_Material for this exercise_
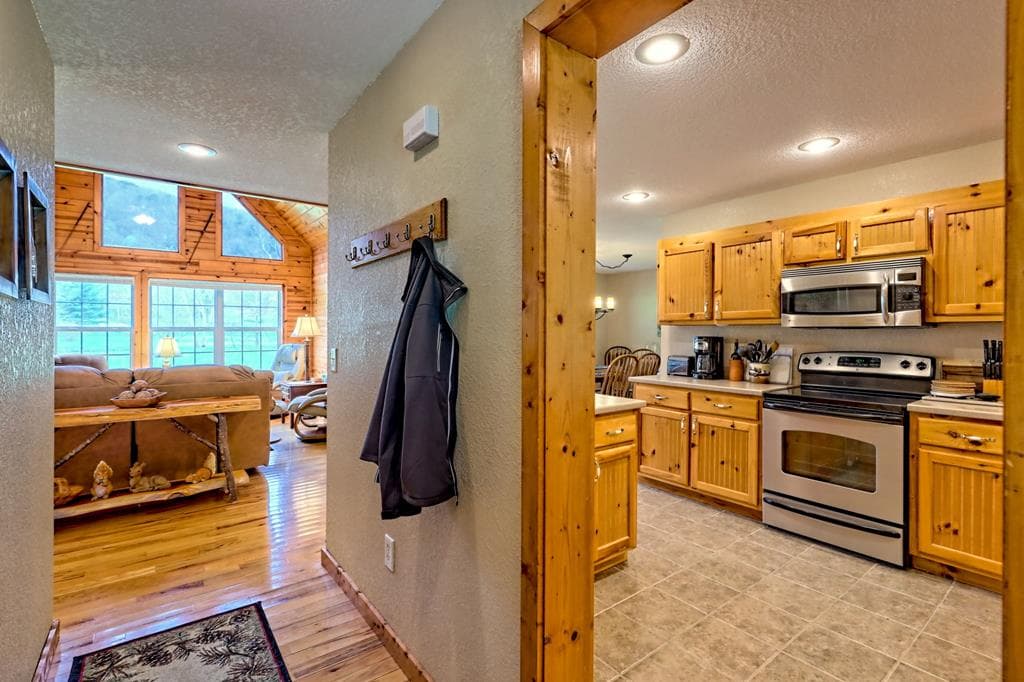 3556 River Front Lane, Hiawassee GA 30546 - Photo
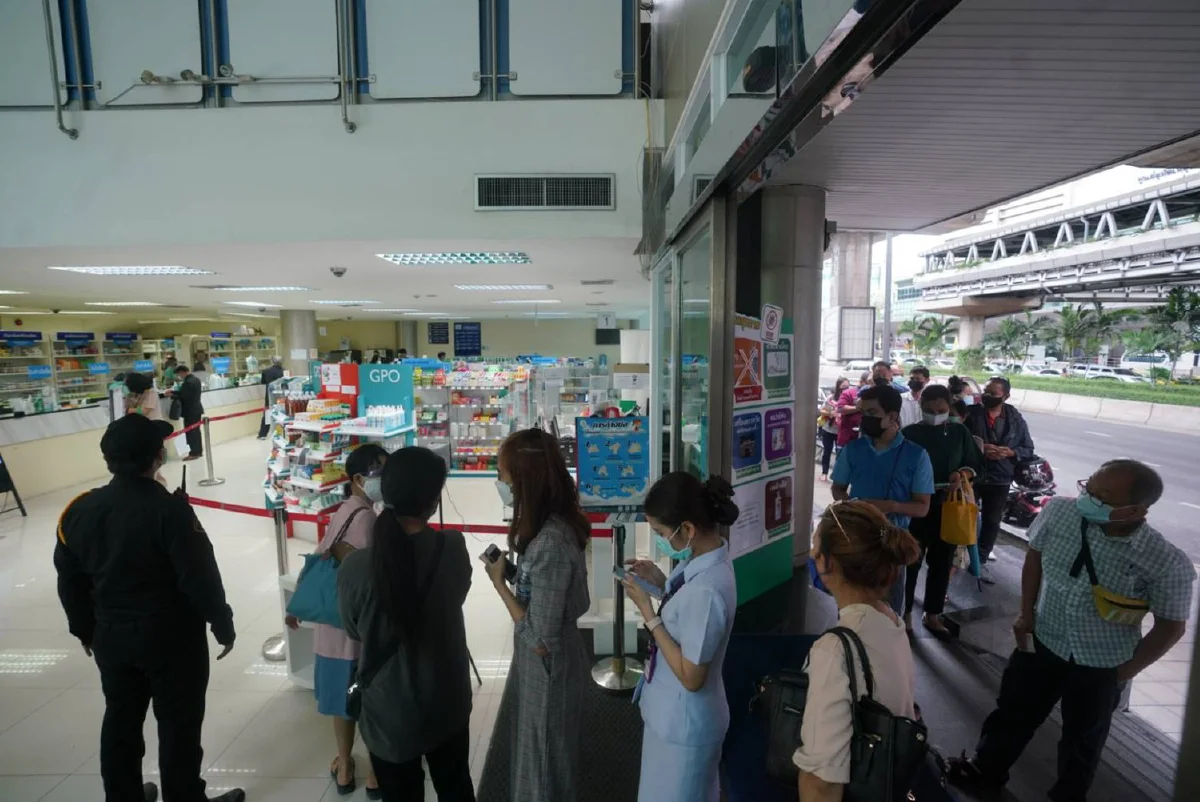 อภ.เปิดขายชุดตรวจATKราคา40บาทวันแรก คนแห่ซื้อล้น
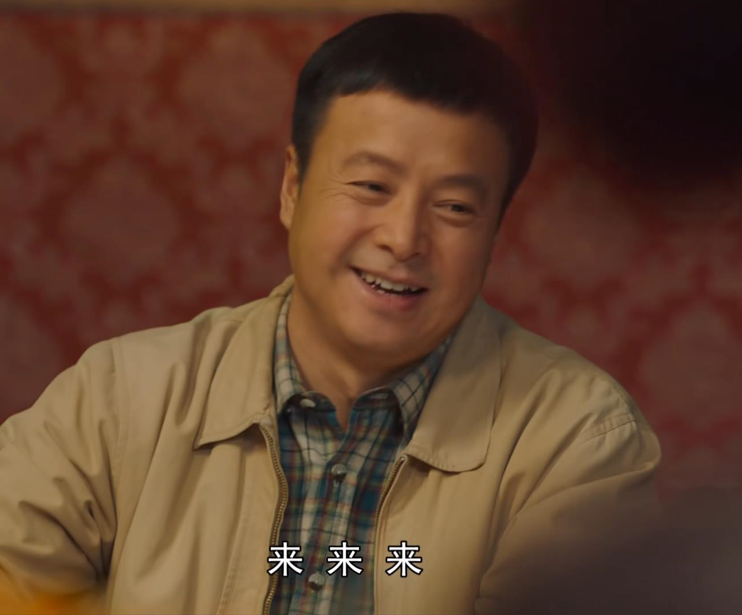 收视破2.3!《新闻联播》表扬,央视这部黑马剧,让我想站起来鼓掌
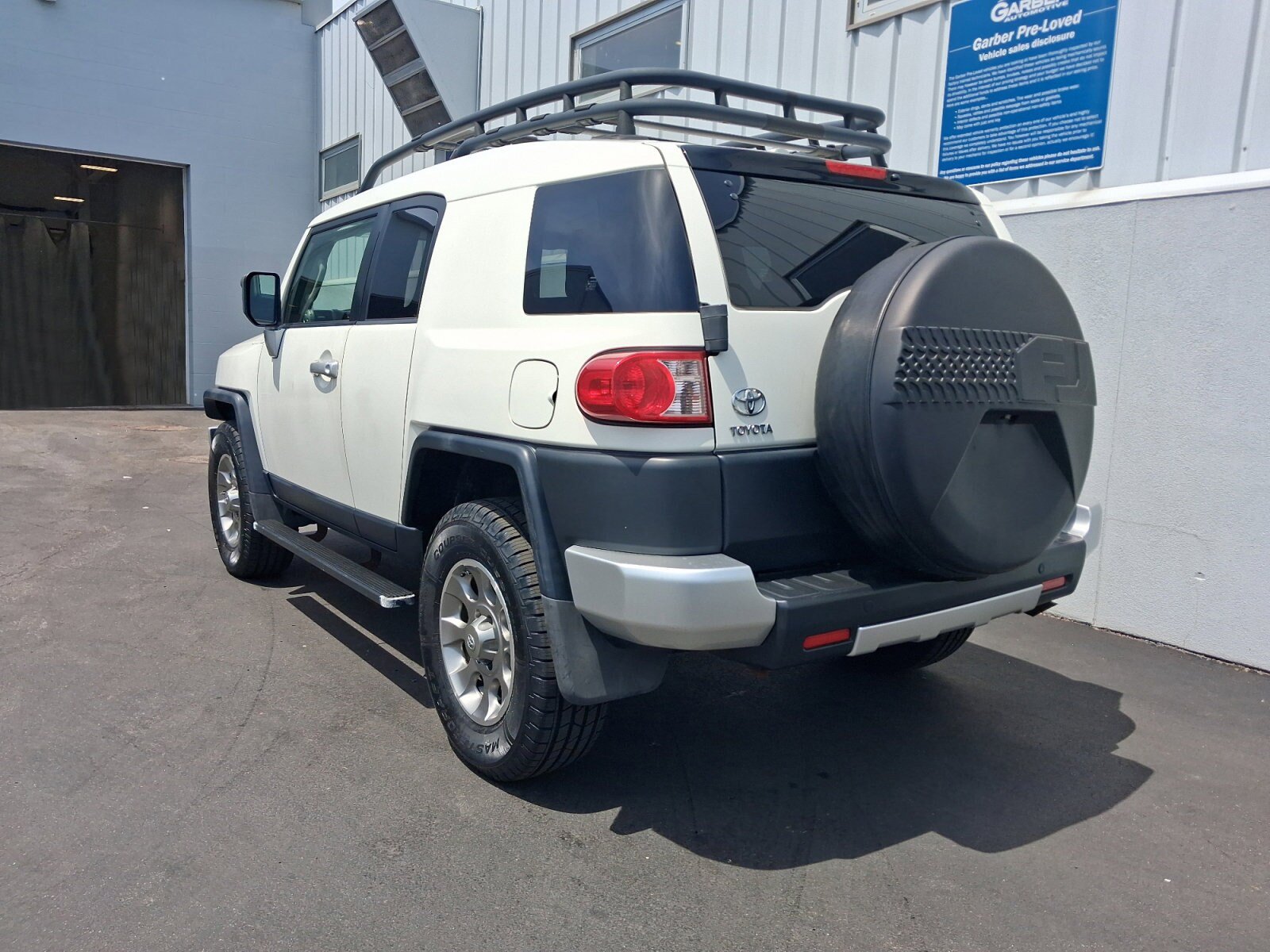 Used 2011 Toyota FJ Cruiser 4WD w/ Upgrade Pkg image 3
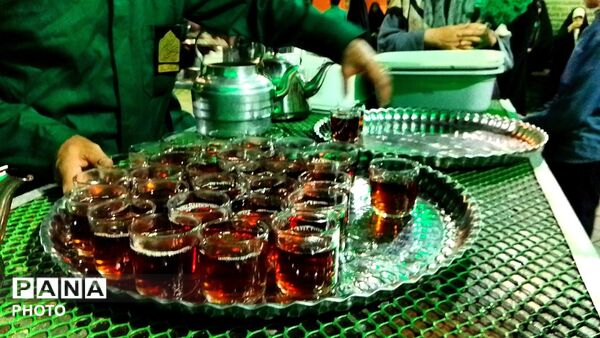 طعم خدمت و محبت؛ عطر فاطمی در «چایخانه حضرت زهرا (س)» پیچید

_Work to complete_
Could you restate the entries word for word, skipping any pictures?

_Expected answer_
 3556 River Front Lane, Hiawassee GA 30546 - Photo
 อภ.เปิดขายชุดตรวจATKราคา40บาทวันแรก คนแห่ซื้อล้น
 收视破2.3!《新闻联播》表扬,央视这部黑马剧,让我想站起来鼓掌
 Used 2011 Toyota FJ Cruiser 4WD w/ Upgrade Pkg image 3
 طعم خدمت و محبت؛ عطر فاطمی در «چایخانه حضرت زهرا (س)» پیچید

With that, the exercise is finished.